Why did the builder place the output tubes far from the preamp?

Keeping hot, high-current output tubes away from the sensitive input valve reduces hum and oscillation. “Distance is the cheapest shield” [Radiotron, 1953]. Painlust confirms the layout stops unwanted wake-ups despite long leads [Elektroda, painlust, post #19480940]

Can I swap PL841 for EL84 without changes?

Yes, if you flip the built-in heater and screen-grid switches. PL841 needs 15 V/0.3 A heaters and a lower screen voltage; the toggles in this build handle both [Elektroda, painlust, post #19480658] Always check pin-out differences before powering up [PL841 Datasheet].

How are the two channels switched?

A relay board routes signal and LED indicators. It is powered from the low-voltage supply and controlled by a footswitch or front-panel toggle [Elektroda, painlust, post #19480940] The schematic shows two DPDT relays handling pre-EQ and post-gain routing.

What caused the earlier version to squeal and pick up radio?

The 2012 prototype had poor lead dress; grid wires ran parallel to plate wires, forming unintended feedback loops. It even demodulated local FM stations [Elektroda, painlust, post #19480658] Re-routing and shorter grid returns fixed the edge-case failure.

Are 6N2P and ECC83 truly drop-in compatible?

Electrically, yes. Both share the same pin-out and µ≈100. The only change is the 6.3 V vs. 12.6 V heater option, handled by individual switches per socket [Elektroda, painlust, post #19480658]

What tone can I expect from each channel?

The clean channel copies a mid-’60s Fender preamp with 3-band EQ, offering headroom up to about 22 dB gain.
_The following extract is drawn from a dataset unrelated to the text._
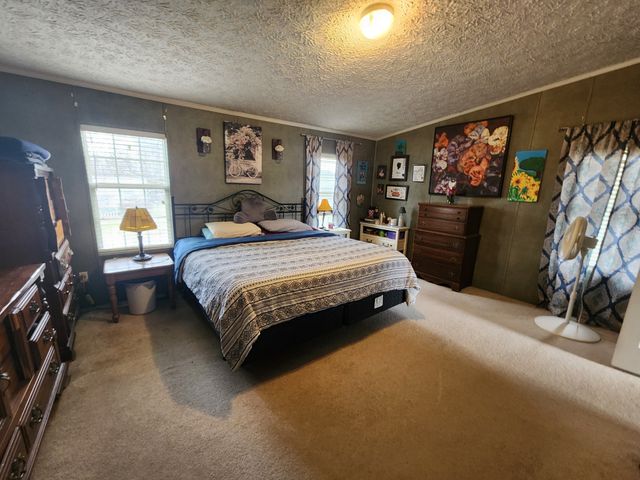 1110 Hunt St, Winchester, TN 37398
The drive channel mirrors a JCM800, stacking three gain stages and cathode clipping for roughly 60 dB gain [Elektroda, painlust, post #19480658]

Which transformers should I choose for a scratch build?
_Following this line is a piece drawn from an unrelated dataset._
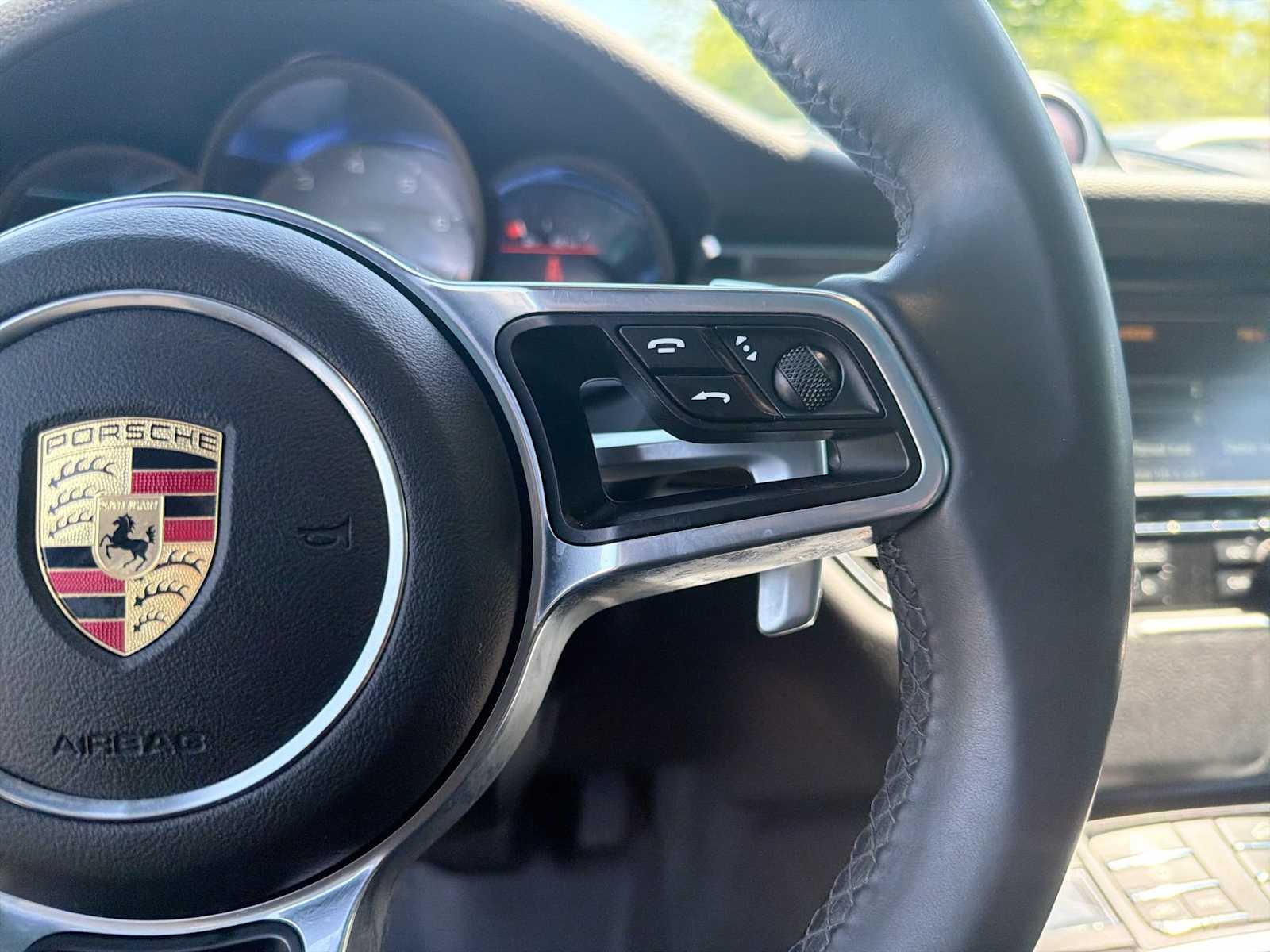 Thumbnail: 2016 Porsche Macan - 25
Use a power transformer that delivers 250–0–250 V at 150 mA and 6.3 V at 4 A. The OT should be 8 kΩ:8/4 Ω, 15–20 W rating [Hammond 125E Datasheet]. Matching these specs keeps plate voltage near 325 V under load, safe for EL84.

How loud is 15 W on stage?

With a 97 dB-sensitive 1×12" speaker, 15 W produces roughly 109 dB SPL at 1 m—enough for small clubs without PA support [Fletcher, 2018].
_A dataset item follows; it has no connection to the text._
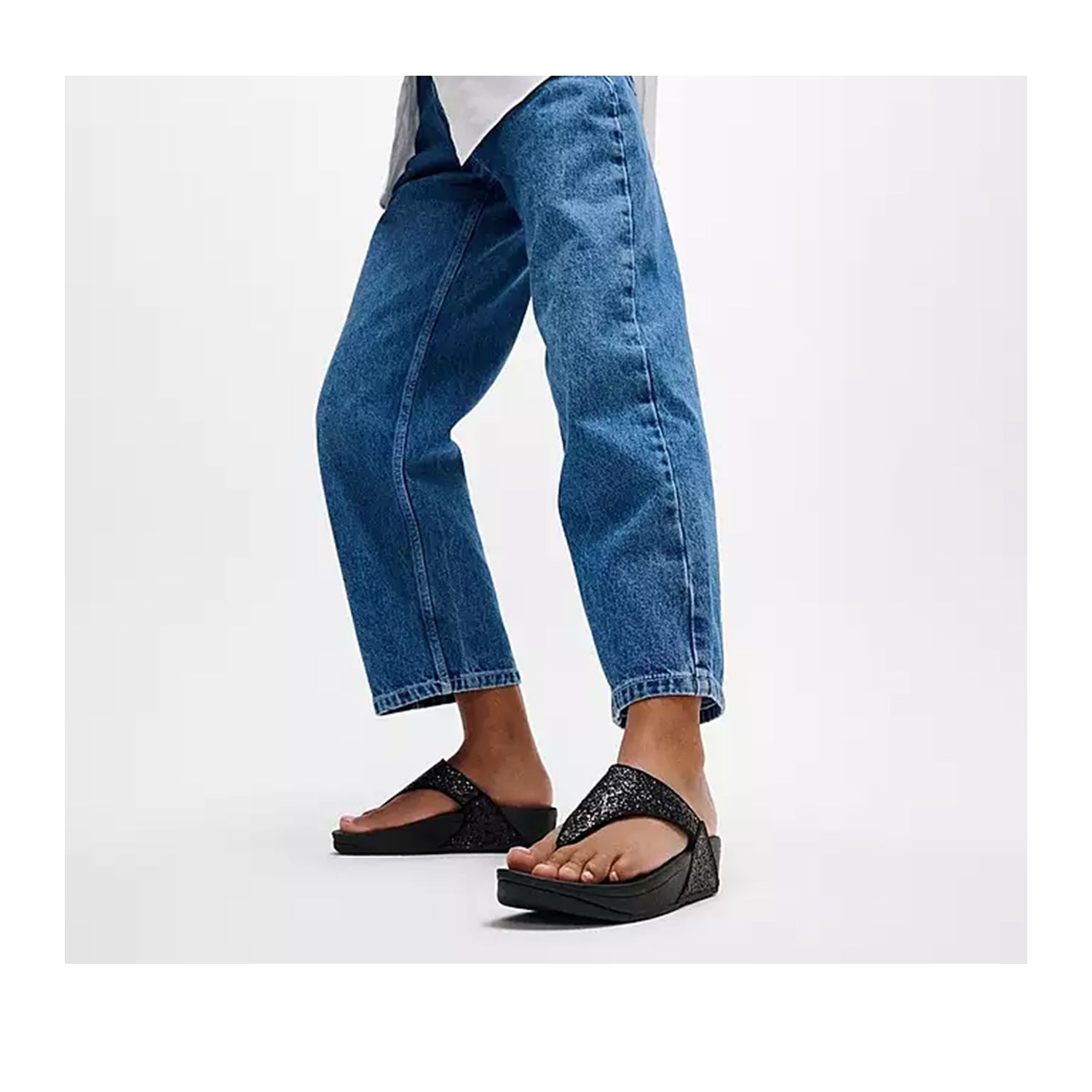 Sandales Fitflop Lulu à paillettes noires pour femmes, entre-doigts.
What safety steps should I follow when re-tubing or biasing?

  1. Unplug and discharge filter caps; wait until B+ is <30 V. 2. Pull old tubes using gloves; avoid bending sockets. 3. Install new pair, power up with a 100 W bulb limiter and measure cathode resistor voltage; ensure <10 W per tube. Always keep one hand behind your back during live tests [OSHA, 2019].

How do I build a quick relay switching board?

  1. Mount two DPDT 5 V relays on a universal board. 2. Run audio traces on one side, 5 V logic on the other. 3. Add a 1N4148 flyback diode across each coil and wire the board to the footswitch jack [Elektroda, painlust, post #19480940]

Will long leads to the output tubes cause instability?

In this chassis the 12 cm run adds negligible inductance. Shielded grid wires and 1 kΩ grid-stop resistors near the socket quench potential VHF oscillations [Elektroda, painlust, post #19480940] Tests show no self-excitation up to full volume.